There are likely some passages where "none" does not mean "not anyone." And there are certainly a number of passages where "all" does not mean "every single person." The reason for this is because there is a difference between "all without exception" and "all without distinction." The first suggests every one or thing in number while the latter may only point to every type. For example, if I say God saves all people, whether Jew or Gentile, male or female, slave or free, I am not meaning that every single person will be saved but rather that people of all sorts, without respect to their nationality, gender or class, will be saved. But if I say God will save all people, every single one (this is just hypothetical and not what the Bible teaches), then I would mean not only will God save some of every sort, but He will save every person without exception.
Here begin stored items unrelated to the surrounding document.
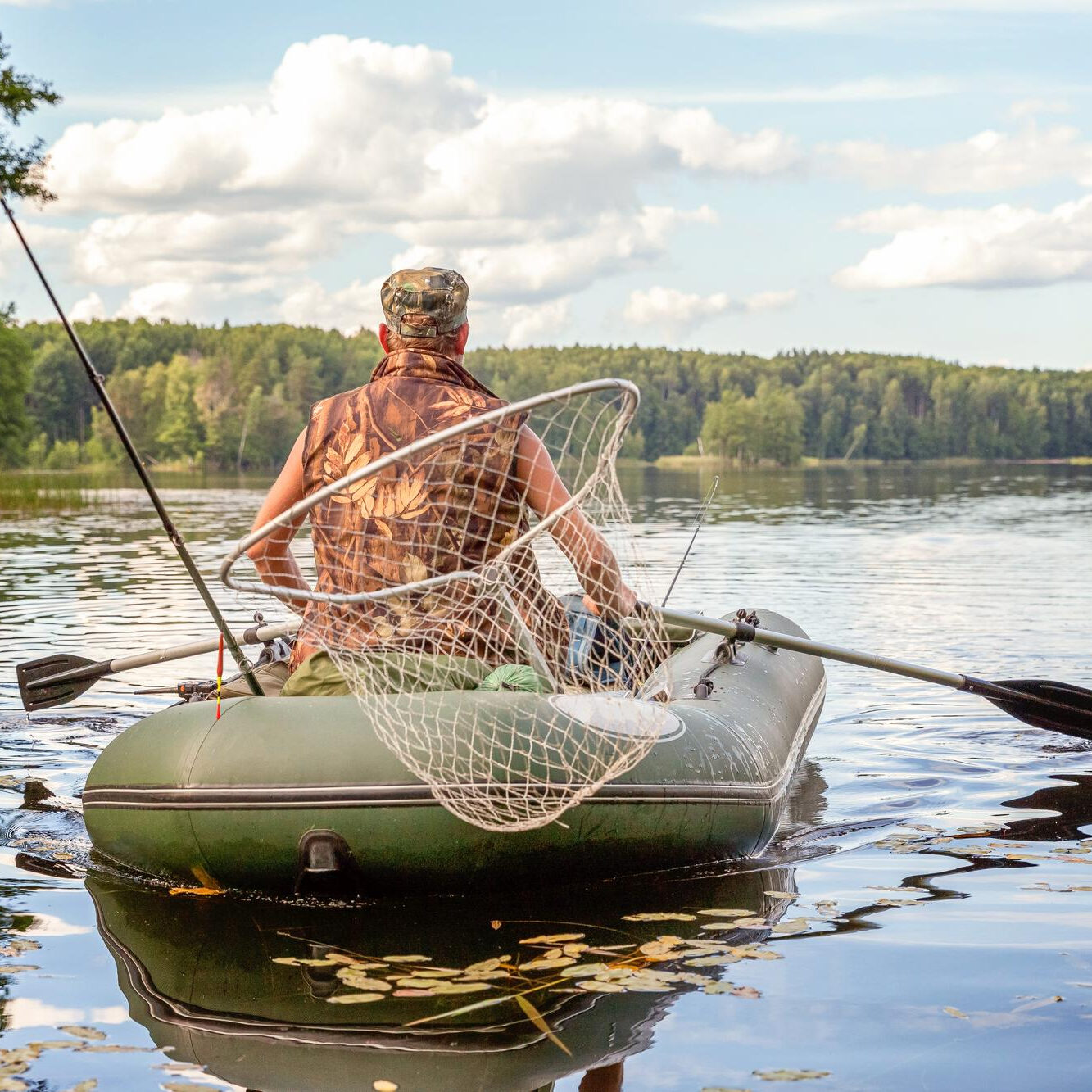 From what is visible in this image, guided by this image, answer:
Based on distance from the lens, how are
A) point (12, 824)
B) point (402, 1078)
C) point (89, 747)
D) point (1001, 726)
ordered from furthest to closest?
1. point (1001, 726)
2. point (89, 747)
3. point (12, 824)
4. point (402, 1078)

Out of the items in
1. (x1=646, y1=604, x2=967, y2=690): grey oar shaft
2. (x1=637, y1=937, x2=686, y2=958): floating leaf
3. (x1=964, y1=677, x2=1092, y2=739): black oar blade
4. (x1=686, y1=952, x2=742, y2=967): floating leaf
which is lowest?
(x1=686, y1=952, x2=742, y2=967): floating leaf

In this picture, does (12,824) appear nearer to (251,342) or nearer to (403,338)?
(403,338)

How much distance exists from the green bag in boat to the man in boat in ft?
0.34

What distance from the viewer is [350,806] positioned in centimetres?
456

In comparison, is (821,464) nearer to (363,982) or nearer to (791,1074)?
(363,982)

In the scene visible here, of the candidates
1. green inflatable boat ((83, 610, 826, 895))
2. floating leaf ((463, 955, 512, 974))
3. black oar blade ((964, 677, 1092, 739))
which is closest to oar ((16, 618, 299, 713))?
green inflatable boat ((83, 610, 826, 895))

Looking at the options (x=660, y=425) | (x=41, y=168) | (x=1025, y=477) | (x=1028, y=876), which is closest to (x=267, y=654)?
(x=1028, y=876)

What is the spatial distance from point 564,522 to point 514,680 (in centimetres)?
57

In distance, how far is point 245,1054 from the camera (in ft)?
12.1

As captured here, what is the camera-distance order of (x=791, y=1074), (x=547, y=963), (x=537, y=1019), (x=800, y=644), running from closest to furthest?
1. (x=791, y=1074)
2. (x=537, y=1019)
3. (x=547, y=963)
4. (x=800, y=644)

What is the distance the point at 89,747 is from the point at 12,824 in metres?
1.51

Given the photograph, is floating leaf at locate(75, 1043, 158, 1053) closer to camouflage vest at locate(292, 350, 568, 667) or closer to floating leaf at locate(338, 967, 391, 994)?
floating leaf at locate(338, 967, 391, 994)

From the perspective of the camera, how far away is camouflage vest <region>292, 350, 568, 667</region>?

What we have in Romans 3:10-12 is not a "none" without distinction but a "none" without exception. In other words, Paul argues that every single person is under sin, is absent spiritual understanding, does not seek God, and turns away from God. Why is this important? It is a strong argument against those people, who claim that a person's "free will" can muster the faith needed to (1) understand the message of the Gospel and (2) to receive the gift of eternal life through Jesus Christ. In this text Paul argues, "No way!" The Spirit must regenerate ("new birth") a person for a person to apprehend the Gospel. And God must give the faith "by grace" for a person to believe. But what about "free will"? My friends, by "free will" we become more and more corrupt. By "free will" we will self-destruct and suffer the judgment of God. It is only when God overcomes our "free will" with His grace that we are saved. A careful reading of passages like Ephesians 2:1-10 will reveal this.